Information provided:
'''
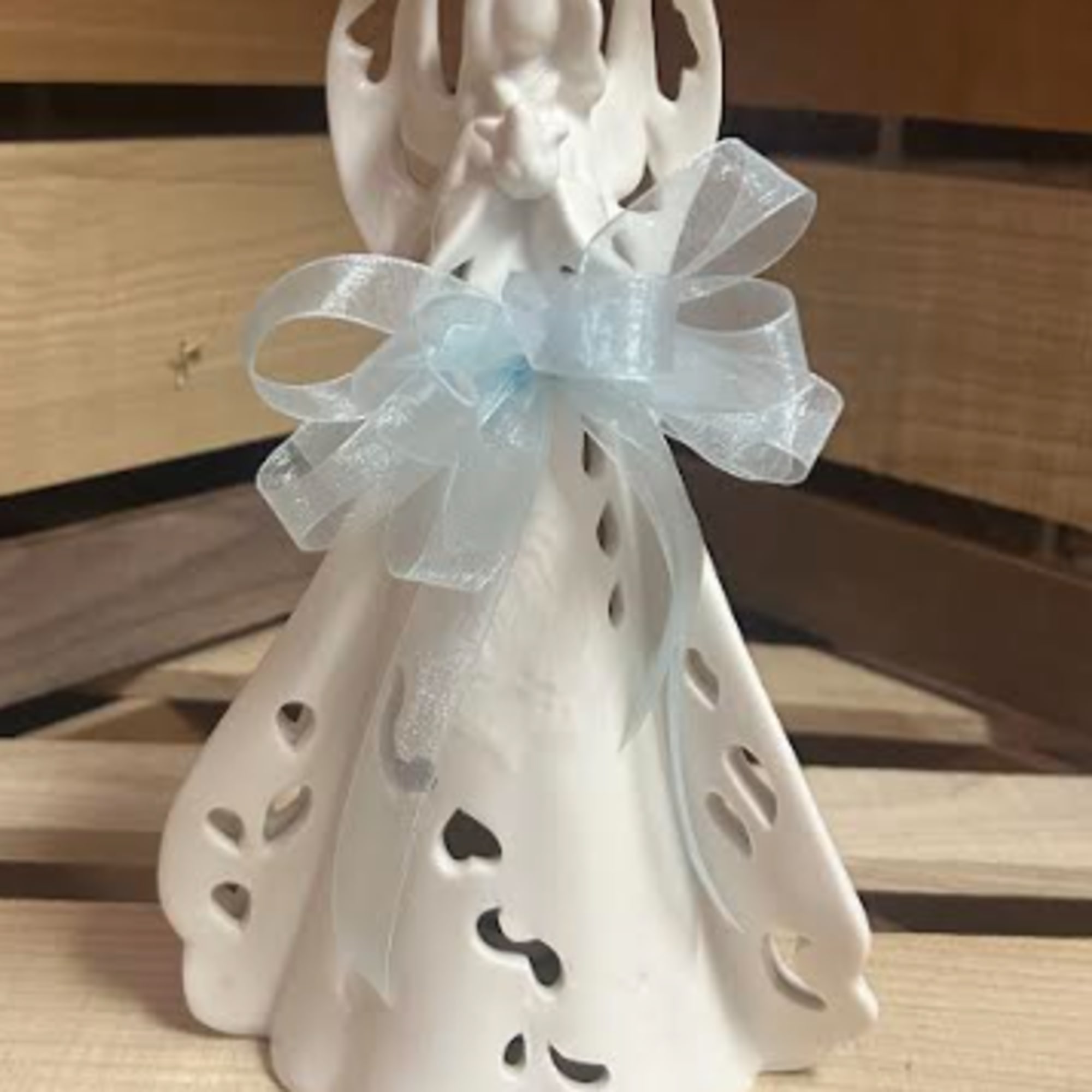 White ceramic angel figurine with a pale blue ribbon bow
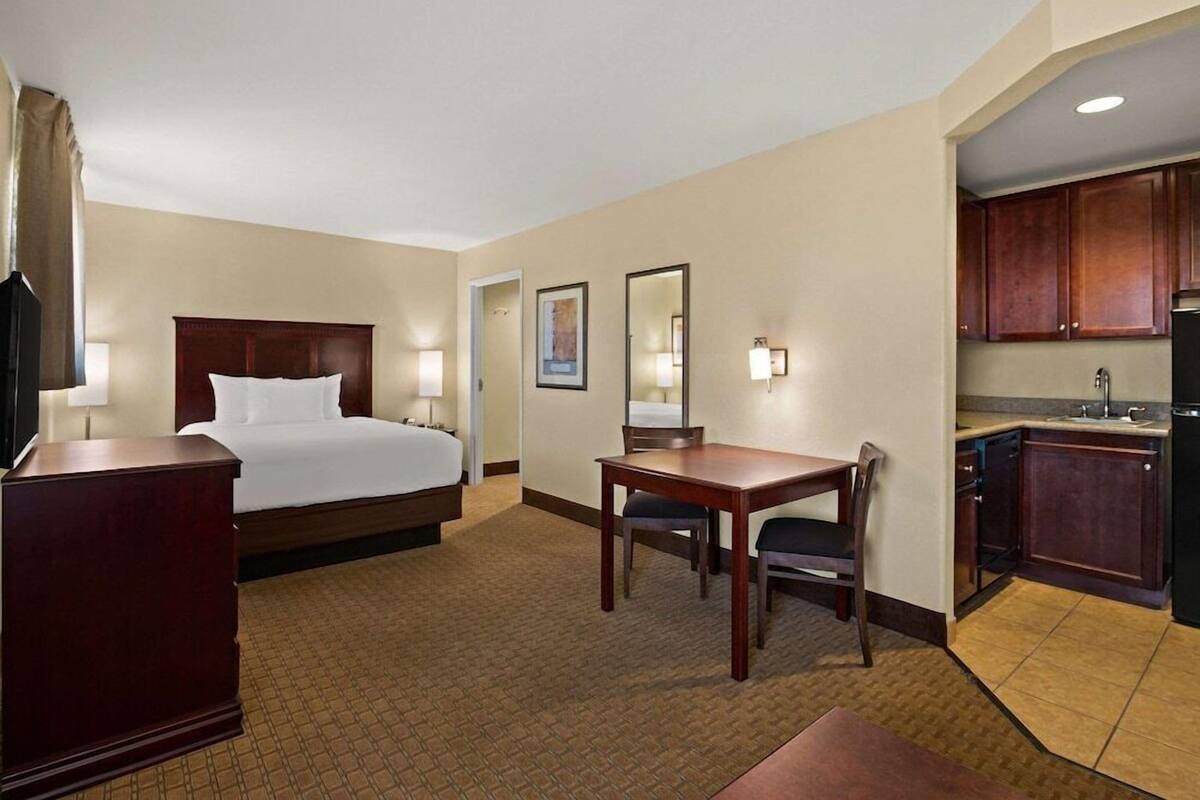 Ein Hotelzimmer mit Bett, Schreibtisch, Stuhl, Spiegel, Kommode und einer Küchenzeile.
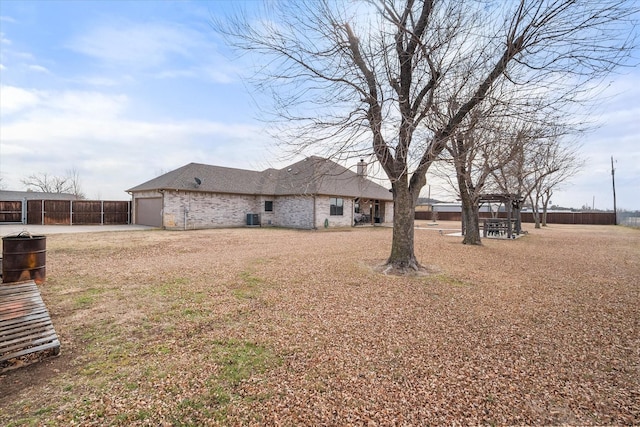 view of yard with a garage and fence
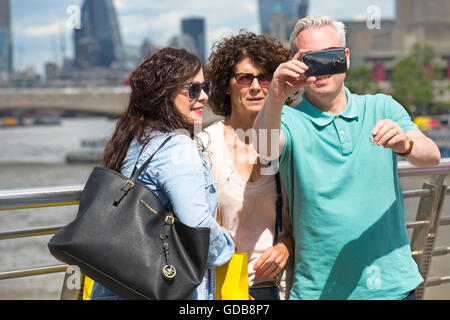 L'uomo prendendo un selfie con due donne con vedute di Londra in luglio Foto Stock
'''
'''
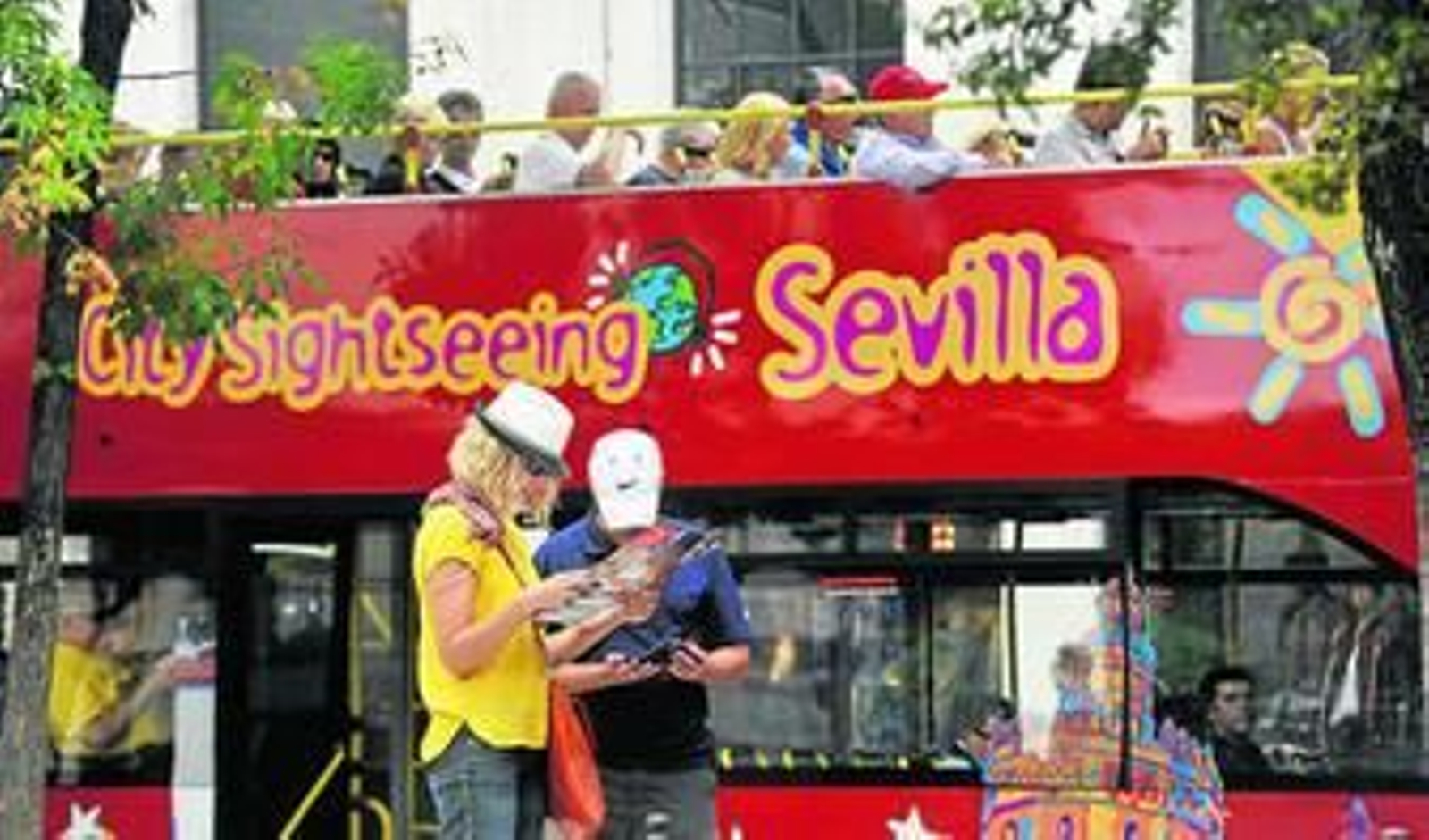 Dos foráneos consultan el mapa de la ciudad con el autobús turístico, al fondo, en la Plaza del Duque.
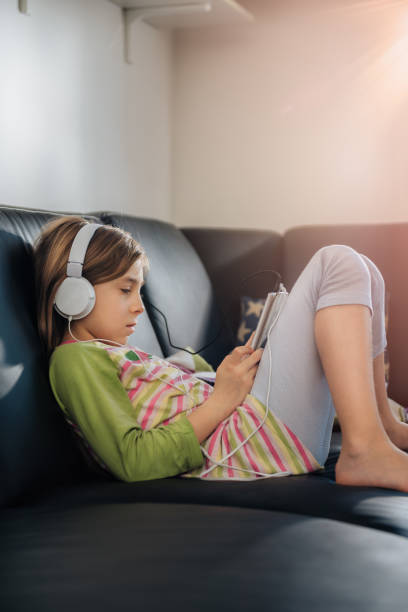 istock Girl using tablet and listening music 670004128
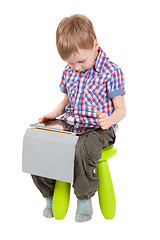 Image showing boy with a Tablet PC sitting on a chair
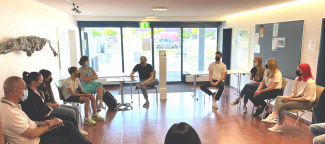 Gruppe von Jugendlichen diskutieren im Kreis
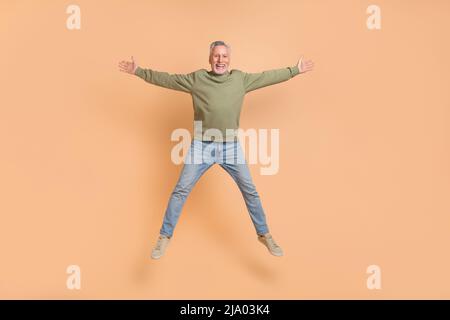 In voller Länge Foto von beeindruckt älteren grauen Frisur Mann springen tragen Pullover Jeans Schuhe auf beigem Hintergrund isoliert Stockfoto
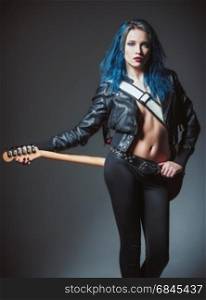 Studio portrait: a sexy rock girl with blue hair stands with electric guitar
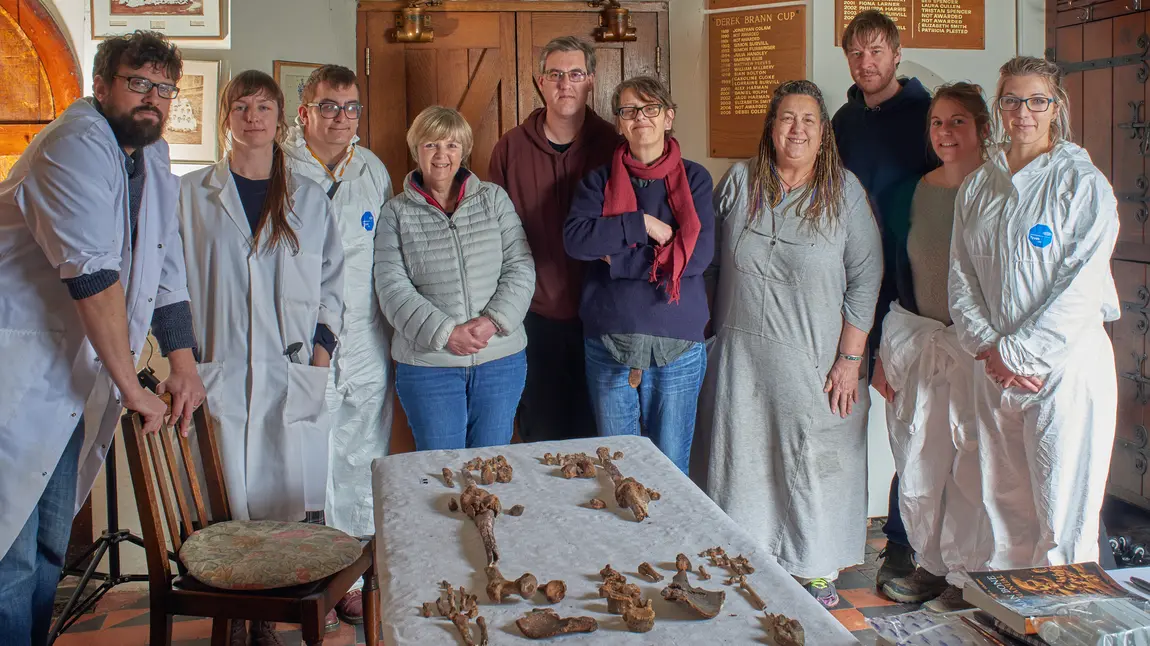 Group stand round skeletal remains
'''
Work instructions: With the pictures omitted, copy exactly the lines of the listing above starting at the line containing "Image showing boy" and ending at the line containing "Group stand round skeletal remains", both included.

Finished task:
 Image showing boy with a Tablet PC sitting on a chair
 Gruppe von Jugendlichen diskutieren im Kreis
 In voller Länge Foto von beeindruckt älteren grauen Frisur Mann springen tragen Pullover Jeans Schuhe auf beigem Hintergrund isoliert Stockfoto
 Studio portrait: a sexy rock girl with blue hair stands with electric guitar
 Group stand round skeletal remains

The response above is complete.